Let us now find the eigenfrequencies $$\omega_{i}$$ of the circuit. Those can be thought of as the frequencies at which the circuit would oscillate without any external driving given some initial state, i.e. $$I\left(t\right)=\sum_{i}I_{0,i}\exp\left(-\mathrm{i}\omega_{i}t\right)$$.

Using Kirchhoff's laws again, we find $\begin{eqnarray*} I_{R}=I_{C}=I_{L}\equiv I&\mathrm{and}&0=U_{R}+U_{C}+U_{L}\ . \end{eqnarray*}$This implies $\begin{eqnarray*} 0&=&I\left(R-\mathrm{i}\omega L+\frac{\mathrm{i}}{\omega C}\right)\end{eqnarray*}$for the inductances. Assuming that the circuit is in some initial state losing energy with complex eigenfrequency $$\omega=\omega^{\prime}+\mathrm{i}\omega^{\prime\prime}$$,$\begin{eqnarray*} 0&=&\omega R-\mathrm{i}\omega^{2}L+\frac{\mathrm{i}}{C}\ ,\ \mathrm{so}\\\omega_{1,2}&=&\pm\sqrt{\frac{1}{LC}-\left(\frac{R}{2L}\right)^{2}}-\mathrm{i}\frac{R}{2L}\ . \end{eqnarray*}$We get two solutions with real parts of opposite sign that are lowered with respect to the undamped resonance frequency.
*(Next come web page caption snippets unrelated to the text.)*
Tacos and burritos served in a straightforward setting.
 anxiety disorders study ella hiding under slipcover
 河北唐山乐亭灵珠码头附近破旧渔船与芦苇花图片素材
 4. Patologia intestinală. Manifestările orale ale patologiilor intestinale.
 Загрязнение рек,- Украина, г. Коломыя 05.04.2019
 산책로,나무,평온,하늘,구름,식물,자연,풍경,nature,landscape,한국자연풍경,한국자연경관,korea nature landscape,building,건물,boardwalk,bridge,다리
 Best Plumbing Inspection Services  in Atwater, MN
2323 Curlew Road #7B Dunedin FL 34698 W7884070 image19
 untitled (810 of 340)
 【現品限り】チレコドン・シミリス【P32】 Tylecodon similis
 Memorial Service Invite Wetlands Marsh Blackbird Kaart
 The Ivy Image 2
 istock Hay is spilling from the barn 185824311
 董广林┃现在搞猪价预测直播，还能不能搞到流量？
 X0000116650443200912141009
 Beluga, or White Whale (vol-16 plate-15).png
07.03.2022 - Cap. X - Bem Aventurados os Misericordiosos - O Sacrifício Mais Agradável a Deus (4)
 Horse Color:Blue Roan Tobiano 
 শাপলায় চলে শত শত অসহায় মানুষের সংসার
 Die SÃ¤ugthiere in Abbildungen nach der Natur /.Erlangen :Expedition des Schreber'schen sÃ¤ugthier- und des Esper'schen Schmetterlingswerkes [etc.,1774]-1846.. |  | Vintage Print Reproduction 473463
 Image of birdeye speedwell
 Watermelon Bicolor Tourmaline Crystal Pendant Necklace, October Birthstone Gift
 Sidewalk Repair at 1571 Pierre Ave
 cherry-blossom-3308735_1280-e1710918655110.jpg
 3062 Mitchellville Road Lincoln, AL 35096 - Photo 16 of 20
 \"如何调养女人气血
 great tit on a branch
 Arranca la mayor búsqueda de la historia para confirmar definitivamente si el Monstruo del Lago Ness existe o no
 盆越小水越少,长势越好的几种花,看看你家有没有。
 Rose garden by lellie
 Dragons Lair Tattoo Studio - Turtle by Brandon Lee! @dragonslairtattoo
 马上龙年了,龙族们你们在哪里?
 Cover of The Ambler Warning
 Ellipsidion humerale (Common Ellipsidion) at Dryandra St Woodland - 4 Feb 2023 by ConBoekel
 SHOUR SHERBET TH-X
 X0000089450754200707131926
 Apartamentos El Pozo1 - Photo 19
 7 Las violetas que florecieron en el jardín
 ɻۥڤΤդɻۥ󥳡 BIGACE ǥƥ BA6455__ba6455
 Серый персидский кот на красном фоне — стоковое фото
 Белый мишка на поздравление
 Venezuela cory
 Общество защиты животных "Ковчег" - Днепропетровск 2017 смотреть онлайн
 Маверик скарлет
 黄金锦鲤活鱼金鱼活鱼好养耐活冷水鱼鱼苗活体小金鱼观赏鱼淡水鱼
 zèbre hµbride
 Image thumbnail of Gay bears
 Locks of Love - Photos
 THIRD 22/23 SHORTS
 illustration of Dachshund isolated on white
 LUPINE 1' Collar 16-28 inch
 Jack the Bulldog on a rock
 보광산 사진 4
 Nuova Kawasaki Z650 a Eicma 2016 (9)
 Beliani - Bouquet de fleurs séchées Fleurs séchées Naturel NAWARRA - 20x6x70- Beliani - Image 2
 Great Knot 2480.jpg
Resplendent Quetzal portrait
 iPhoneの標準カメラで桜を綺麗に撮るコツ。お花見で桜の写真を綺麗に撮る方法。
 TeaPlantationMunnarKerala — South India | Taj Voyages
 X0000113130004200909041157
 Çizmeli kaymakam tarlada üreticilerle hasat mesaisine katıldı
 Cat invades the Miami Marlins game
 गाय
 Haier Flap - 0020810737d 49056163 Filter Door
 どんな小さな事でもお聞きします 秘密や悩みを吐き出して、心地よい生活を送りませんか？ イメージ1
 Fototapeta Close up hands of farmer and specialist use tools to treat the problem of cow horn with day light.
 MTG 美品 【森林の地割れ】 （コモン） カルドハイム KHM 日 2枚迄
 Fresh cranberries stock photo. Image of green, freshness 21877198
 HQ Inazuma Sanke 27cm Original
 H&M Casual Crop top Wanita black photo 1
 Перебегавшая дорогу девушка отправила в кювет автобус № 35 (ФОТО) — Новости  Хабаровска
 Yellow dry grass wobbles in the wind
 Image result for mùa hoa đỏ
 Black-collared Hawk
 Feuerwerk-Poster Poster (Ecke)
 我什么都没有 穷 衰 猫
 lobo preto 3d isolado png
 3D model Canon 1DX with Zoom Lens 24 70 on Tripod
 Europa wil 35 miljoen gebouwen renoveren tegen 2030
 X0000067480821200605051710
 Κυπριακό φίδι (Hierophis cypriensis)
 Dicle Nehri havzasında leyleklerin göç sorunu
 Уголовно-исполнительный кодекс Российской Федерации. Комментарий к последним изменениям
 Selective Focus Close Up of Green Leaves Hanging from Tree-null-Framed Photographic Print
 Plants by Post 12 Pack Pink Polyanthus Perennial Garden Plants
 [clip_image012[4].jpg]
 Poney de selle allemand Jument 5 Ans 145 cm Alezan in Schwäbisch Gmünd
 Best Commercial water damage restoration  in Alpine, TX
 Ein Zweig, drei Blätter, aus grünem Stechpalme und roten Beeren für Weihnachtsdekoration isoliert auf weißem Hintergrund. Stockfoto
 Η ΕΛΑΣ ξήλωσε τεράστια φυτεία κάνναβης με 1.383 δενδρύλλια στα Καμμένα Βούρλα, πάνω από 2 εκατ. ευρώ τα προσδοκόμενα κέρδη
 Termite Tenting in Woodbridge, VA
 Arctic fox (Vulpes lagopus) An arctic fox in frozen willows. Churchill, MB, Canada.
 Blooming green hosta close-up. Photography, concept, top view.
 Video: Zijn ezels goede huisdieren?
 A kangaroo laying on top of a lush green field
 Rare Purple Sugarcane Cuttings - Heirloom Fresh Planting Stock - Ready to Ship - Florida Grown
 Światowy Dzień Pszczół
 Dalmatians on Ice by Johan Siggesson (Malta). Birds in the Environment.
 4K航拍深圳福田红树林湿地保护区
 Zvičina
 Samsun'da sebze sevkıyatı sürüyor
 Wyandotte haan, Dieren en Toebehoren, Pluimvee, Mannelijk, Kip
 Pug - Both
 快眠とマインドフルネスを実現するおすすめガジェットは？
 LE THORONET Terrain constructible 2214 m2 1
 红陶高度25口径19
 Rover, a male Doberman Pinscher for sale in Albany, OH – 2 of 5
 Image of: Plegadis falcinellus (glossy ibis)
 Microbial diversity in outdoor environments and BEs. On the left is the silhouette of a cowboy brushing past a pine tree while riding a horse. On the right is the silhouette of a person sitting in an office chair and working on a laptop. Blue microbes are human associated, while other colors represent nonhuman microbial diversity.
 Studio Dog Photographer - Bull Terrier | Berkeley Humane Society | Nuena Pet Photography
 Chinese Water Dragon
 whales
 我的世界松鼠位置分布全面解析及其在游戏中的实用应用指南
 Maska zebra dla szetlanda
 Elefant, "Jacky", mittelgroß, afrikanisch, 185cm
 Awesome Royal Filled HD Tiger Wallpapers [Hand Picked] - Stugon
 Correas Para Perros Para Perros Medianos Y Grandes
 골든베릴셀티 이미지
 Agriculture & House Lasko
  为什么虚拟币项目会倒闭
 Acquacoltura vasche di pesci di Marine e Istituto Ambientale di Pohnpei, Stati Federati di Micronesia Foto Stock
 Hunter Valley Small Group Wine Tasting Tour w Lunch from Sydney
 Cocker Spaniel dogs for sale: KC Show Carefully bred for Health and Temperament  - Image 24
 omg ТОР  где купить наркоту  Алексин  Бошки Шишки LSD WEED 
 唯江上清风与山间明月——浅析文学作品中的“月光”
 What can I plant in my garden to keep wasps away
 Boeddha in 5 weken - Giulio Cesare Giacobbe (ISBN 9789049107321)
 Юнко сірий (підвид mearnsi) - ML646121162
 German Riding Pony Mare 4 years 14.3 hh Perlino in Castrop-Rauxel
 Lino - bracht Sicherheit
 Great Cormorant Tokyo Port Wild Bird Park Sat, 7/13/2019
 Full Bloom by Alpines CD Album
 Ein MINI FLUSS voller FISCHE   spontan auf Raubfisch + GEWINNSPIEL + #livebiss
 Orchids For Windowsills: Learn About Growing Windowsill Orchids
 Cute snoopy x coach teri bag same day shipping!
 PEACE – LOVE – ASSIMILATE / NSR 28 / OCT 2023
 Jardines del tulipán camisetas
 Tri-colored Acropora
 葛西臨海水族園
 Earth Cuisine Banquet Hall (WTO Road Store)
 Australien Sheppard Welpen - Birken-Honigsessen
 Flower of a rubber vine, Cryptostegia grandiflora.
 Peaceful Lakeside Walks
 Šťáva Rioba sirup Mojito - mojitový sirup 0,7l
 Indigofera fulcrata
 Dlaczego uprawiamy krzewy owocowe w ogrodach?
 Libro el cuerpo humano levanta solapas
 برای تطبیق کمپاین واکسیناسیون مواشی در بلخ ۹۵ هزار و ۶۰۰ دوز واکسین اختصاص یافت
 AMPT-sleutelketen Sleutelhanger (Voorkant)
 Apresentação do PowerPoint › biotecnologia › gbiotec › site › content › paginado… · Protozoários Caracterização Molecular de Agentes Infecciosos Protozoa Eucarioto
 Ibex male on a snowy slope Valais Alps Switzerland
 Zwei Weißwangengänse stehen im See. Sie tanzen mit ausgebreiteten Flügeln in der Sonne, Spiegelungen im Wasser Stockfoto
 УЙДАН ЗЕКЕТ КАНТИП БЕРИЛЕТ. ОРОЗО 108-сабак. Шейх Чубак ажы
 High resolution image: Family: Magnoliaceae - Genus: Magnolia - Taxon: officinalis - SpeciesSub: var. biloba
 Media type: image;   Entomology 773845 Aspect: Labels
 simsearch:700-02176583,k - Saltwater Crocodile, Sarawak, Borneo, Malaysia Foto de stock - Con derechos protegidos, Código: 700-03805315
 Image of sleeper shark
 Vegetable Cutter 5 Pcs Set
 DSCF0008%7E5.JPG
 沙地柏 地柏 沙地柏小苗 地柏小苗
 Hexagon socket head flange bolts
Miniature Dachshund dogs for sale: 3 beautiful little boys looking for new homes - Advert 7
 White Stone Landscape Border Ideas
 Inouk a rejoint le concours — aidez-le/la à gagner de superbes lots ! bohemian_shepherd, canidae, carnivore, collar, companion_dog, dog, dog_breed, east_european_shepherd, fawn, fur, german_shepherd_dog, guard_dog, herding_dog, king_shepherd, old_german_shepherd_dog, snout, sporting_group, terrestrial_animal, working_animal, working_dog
Furthermore, we find that $$\omega^{\prime\prime}=-R/2L$$. This corresponds to a damping constant since $$\exp\left(-\mathrm{i}\omega t\right)=\exp\left(-\mathrm{i}\omega^{\prime}t+\omega^{\prime\prime}t\right)$$. Fortunately we found the correct sign in the imaginary part of the eigenfrequencies - otherwise the amplitude of the undriven circuit would grow in time...